Friday, July 9, 2021

For Tim Scott, accepting the Alta elementary school principal position this summer was literally like coming back home. “I grew up in Cherokee, and graduated from high school there. So yes, it’s been like coming back home,” says Tim. After getting his BA in history education from UNI, Tim started his teaching career in a small district in southwest Iowa. “It’s called Orient-Macksburg. They had a graduating class at the time, of 22. I had seven different preps, coached four sports, and was the prom sponsor,” says Tim. Small school districts, as many school employees know around this area, require some multi-tasking, but Tim was more than up for the tasks. Tim credits a good work ethic with getting him through the job requirements to start his teaching career.

From there, Tim got the call to head up to northeast Iowa, to the Manchester West Delaware district. After serving in various capacities there, Tim moved on to Newton, where he worked for 12 years, before getting his MA, in administration, to open the doors up to becoming a principal. “My first administrative position was in River Valley, which had 31 students per class. I was 7-12 principal there,” says Tim, It was there that he met his wife, Jen – they were married, and had kids Payton, and Tei. Tim and his family moved back to southeast Iowa, where Tim took the assistant high school position at Oskaloosa. It was in Oskaloosa that Jen, and Tim became foster parents to two sisters, raising them, and eventually adopting them. More stops in Mason City, then Baraga, Michigan, where Tim had principal positions. The Alta-Aurelia elementary principal position became open, and Tim saw it as a good opportunity for a couple of reasons.”What attracted me to the position was that it brought me closer to home, in a good school district, where we can raise our daughters,” says Tim.

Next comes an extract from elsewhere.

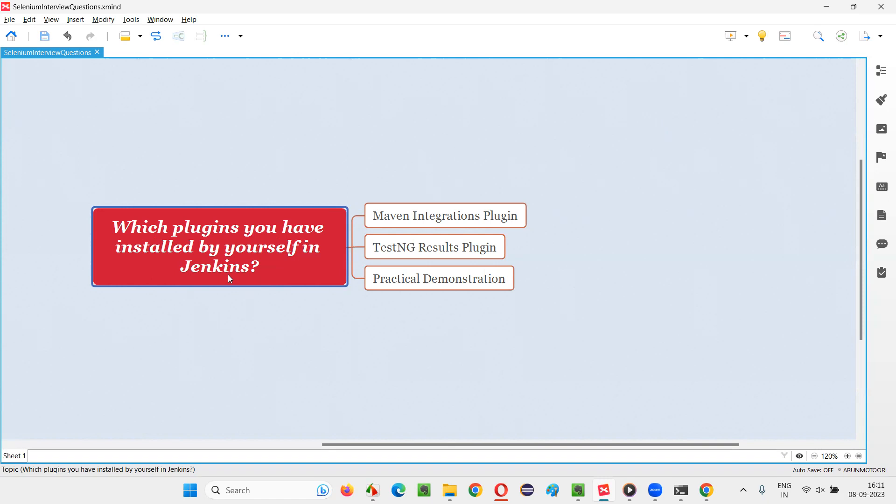Some plugins of Jenkins will be suggested to you and you will select that option and they will be installed by default. But apart from those default installed plugins during installation, are there any other plugins you have installed explicitly by yourself? That is the question.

Growing up in Iowa helped Tim established a good sense of ethics, and values, which he incorporates into his approach to education. “I can count on both hands the number of days that I missed in school growing up, and it is not much more now. You need to be in school to teach, and learn, and I hope that my students will enjoy school so much that they want to be here, as much as possible. I like to think that I’m empathetic, as I try to put myself in others shoes. I like to think that I’m flexible, and always willing to help out, wherever it is needed,” says Tim. Tim hopes to establish some basic courtesies, and guidelines, when school resumes this fall.” Saying ‘please’, and ‘thank you’, and trying to be patient, when someone is being served in front of you (say, in the lunch line). I’m also a big believer in combining fun, with getting stuff done,” says Tim.

Education can hold a certain positive power, done correctly, and used by the right hearts, and minds. Tim believes in those powers, and wants to carry that belief forth, heading into the new school year. “The main value I hold, is what education can do for a person. I grew up lower on the socioeconomic ladder, and had no idea what I wanted to do. I had some teachers take me under their wings, so to speak, and showed that they cared for me. I used that to push me into my career in education. I want to show all my students, and parents, what education can do for them. Kindness and honesty are two values that I believe in, and try to teach them to my daughters every day,” says Tim.